Thursday, 20 February 2020

They thrive by night: "First Love"


After the grandiose gestures of his previous UK theatrical release, 2017's period samurai epic Blade of the Immortal, the Japanese maverick Takashi Miike has returned to B-movie basics. The raw ingredients of Miike's new film First Love would have done for any number of post-War programmers, quickies or hackjobs: we're introduced, with breathless economy, to a dying prizefighter, a drug-addled working girl-in-distress, and a corrupt detective, all of whom will become caught up in open warfare between Japanese, Chinese and Filipino gangsters. The collision permits Miike to extend his longstanding fascination with human violence. We're barely moments into First Love when a swift (upper)cut carries us from the boxing ring to a neighbouring alley where some unfortunate is having his head removed from the rest of his body - and it's a typically Miikean touch that the murder weapon should then be stashed beneath a novelty golf club cover. For a while, though, this will be the film's only flourish, as Miike and writer Masa Nakamura instead set out muted, nocturnal interactions - often at actual intersections - which don't work out as intended. Here, you sense this filmmaker feeling his way back in the direction of what was practically a founding B-picture trope: the masterplan that goes rapidly and bloodily south.

By contrast, First Love's own plotting is intricate - setting multiple threads running through Tokyo's back and side-streets - but ultimately ties together. On some level, it feels like Miike's perversion of the Before Sunrise meet-cute: it tails after two relatively innocent kids - mournful pugilist Leo (Masataka Kubota) and Monica (Sakurako Konishi), a young woman sold into sex slavery - as they're thrown together and get to know one another, then wonders how this process would be affected if one of them was undergoing cold turkey, and if they had three-quarters of the city's underworld on their tail. The movie has at least one eye on romcom formula: it takes place on the night of February 14th, if I'm not mistaken, and the final third obliges these lovers to (briefly) go separate ways before a reunion. Yet the film's pleasure derives from the snags and twists Nakamura and Miike engineer into this scenario. Among the pair's pursuers is a hallucination Monica has of her abusive father, rendered as a gyrating ghoul draped in a filthy bedsheet and clad in tight white underpants. It's a film of amusing reveals: the unexpected emergence of a secondary character's hitherto unseen housemate at a life-or-death plot juncture, the stirring of a dormant contract killer who whips back their hair to demonstrate she is, in fact, a she. (As in his international breakthrough work, 1999's Audition, Miike permits no sentimentality whatsoever with regard to the so-called fairer sex: clock the madam who lures in her assailant with a vagina-wettened finger, in order to follow up with a swift kick to the guy's gonads.)
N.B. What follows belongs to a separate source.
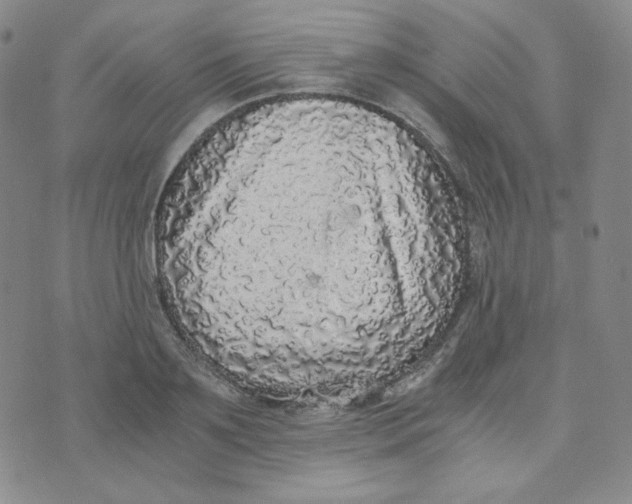 X0000076250891200610191646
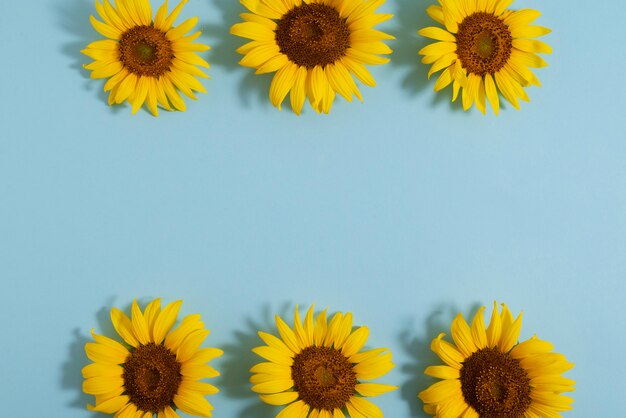 Foto schöne sonnenblumen im studiostillleben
With the exception of a brief burst of animation inserted late on to cover a stunt the production clearly didn't have the budget for, First Love never really looks like much, partly because its characters are obliged to operate in low-rent spaces under cover of night. And even with its prodigious narrative leaps and switchbacks, there remain stretches where everybody involved appears to be circling pretty familiar territory. What's covered, however, proves far less significant to one's overall enjoyment than how it's covered: at breakneck, rat-a-tat pace, and with a close-to-cartoonish level of surface invention, such that, at the last, First Love can even pull off something appreciably new and energetic within the generically tatty confines of a hardware store shootout. Miike retains that quality that seasoned B-movie producers (and viewers) will always be drawn towards and captivated by: when he's close to fully engaged - as he seems to be here - the ideas he fires across the frame have the same effect as the bullets do on his yakuza or Leo's punches have on his opponents, knocking a scene off its axis, spinning a film around 180 degrees, and reorienting whole genres in completely different directions. Some seventy or eighty years after those ideas first started popping into the left-of-centre cinema's head, that's still exciting to witness.

First Love is now playing in selected cinemas, and streaming via Curzon Home Cinema.